One of the on going discussions Elgin and I have had since returning from Niger is why, if we think reflecting and blogging is such good thing to do for our relationship and our faith, we don’t continue the practice when we are at home.
This new blog is an effort to keep the reflecting, processing, and blogging going for us.
Recently, on one of my morning walks, I found myself blogging in my head. On this beautiful Minnesota spring morning I was walking in a picture perfect neighborhood looking at all the colorful spring flowers, the manicured, watered, lush lawns, the attractive homes with picketed fences – well you get the idea. I began to contrast the perfection, the cleanliness, and the orderliness I was seeing on my walk with anything but perfect vistas in Niamey. Ugly black plastic bags, sandy, orange ground, and no landscaping of any kind is not as attractive as a residential neighborhood in Edina.
As I was contemplating the differences and admiring the Edina landscape all of a sudden I heard through an open window a very angry woman – I am assuming a mother – screaming, yes screaming, at her children. Her screaming completely destroyed the serene image I was seeing and I realized in that moment that I never heard that kind of an outburst toward children in the 6 months in Niamey. Maybe it is just too hot to add a hot temper to one’s day but the incident gave me pause.
I have been struck since being home that we go to great extents to make sure our homes, cars, and clothes look well cared for, that everything we have looks put together and neat. We pay a lot of attention to the “outside.” I know I do. How I look, how my home looks, how my car looks – I think the culture that I have bought into here puts an emphasis on the “look” of things. This is not all bad, but I wonder - Am I just trying to look good on the outside in order to hide the not so put together me on the inside? Am I using things like my home and my car to cover up the imperfections in my life? And from whom? Others? God?
I thought about how in Niamey, appearance of one’s self or one’s surroundings was not important. Oh, the women dressed well but not extravagantly. It seems to me, the people of Niamey, weren’t trying to pretend they were anyone other than who they were. They didn’t pretend to have it all together or seem to worry about what others thought. Now granted I didn’t speak French so I may have missed something in the translation.

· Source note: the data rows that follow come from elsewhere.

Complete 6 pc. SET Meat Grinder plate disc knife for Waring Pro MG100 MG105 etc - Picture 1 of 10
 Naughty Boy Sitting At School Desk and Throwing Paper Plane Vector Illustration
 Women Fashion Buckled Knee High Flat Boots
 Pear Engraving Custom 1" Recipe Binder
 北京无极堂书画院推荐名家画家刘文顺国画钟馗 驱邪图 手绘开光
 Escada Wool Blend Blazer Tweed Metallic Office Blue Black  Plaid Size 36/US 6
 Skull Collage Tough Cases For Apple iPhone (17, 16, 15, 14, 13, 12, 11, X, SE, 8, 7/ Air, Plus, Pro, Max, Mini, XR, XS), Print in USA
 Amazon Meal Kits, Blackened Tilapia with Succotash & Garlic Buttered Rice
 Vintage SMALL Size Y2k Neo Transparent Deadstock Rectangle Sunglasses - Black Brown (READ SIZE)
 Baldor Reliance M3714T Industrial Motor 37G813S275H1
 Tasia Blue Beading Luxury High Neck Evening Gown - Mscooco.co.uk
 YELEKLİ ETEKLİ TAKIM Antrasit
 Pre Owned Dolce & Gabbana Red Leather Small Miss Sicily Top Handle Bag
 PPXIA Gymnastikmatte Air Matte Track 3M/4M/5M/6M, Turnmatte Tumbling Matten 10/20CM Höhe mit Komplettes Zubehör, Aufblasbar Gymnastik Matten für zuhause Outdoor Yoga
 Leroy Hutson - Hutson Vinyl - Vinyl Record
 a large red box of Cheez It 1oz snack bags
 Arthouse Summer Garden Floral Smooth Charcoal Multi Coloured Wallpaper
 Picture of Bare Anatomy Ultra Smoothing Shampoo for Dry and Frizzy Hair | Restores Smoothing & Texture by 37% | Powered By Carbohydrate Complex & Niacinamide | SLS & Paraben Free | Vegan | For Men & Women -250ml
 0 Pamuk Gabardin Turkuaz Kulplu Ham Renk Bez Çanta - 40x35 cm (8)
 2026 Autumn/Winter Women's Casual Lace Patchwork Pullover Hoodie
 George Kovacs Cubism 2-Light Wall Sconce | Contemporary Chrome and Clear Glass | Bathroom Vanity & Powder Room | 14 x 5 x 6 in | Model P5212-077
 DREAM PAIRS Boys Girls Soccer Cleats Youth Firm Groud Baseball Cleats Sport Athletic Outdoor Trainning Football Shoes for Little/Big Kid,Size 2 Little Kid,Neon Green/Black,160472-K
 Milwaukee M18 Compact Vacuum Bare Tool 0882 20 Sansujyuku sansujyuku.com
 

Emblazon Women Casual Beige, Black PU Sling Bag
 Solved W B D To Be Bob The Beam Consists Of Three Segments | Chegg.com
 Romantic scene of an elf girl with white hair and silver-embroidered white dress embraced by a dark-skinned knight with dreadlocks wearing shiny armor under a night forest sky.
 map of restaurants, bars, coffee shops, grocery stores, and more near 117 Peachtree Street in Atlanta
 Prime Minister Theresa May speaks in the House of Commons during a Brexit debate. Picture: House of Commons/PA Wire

I thought about how I like a clean, neat home and I can accomplish that by putting (okay, stuffing) things in drawers or closets – places I hope others won’t see.
Why do I need to look like I have it all together I wondered? Am I afraid to let others see “me?”
One of the things I learned in my last Beth Moore bible study in Niger was that I am who God says I am. I know I am a sinner in need of God’s forgiveness and redemption. God knows this about me too. So I want to “give up” any illusions of being who I am not and be the person God created me to be.
Anyone interested in helping me make my drawers and closets look perfect?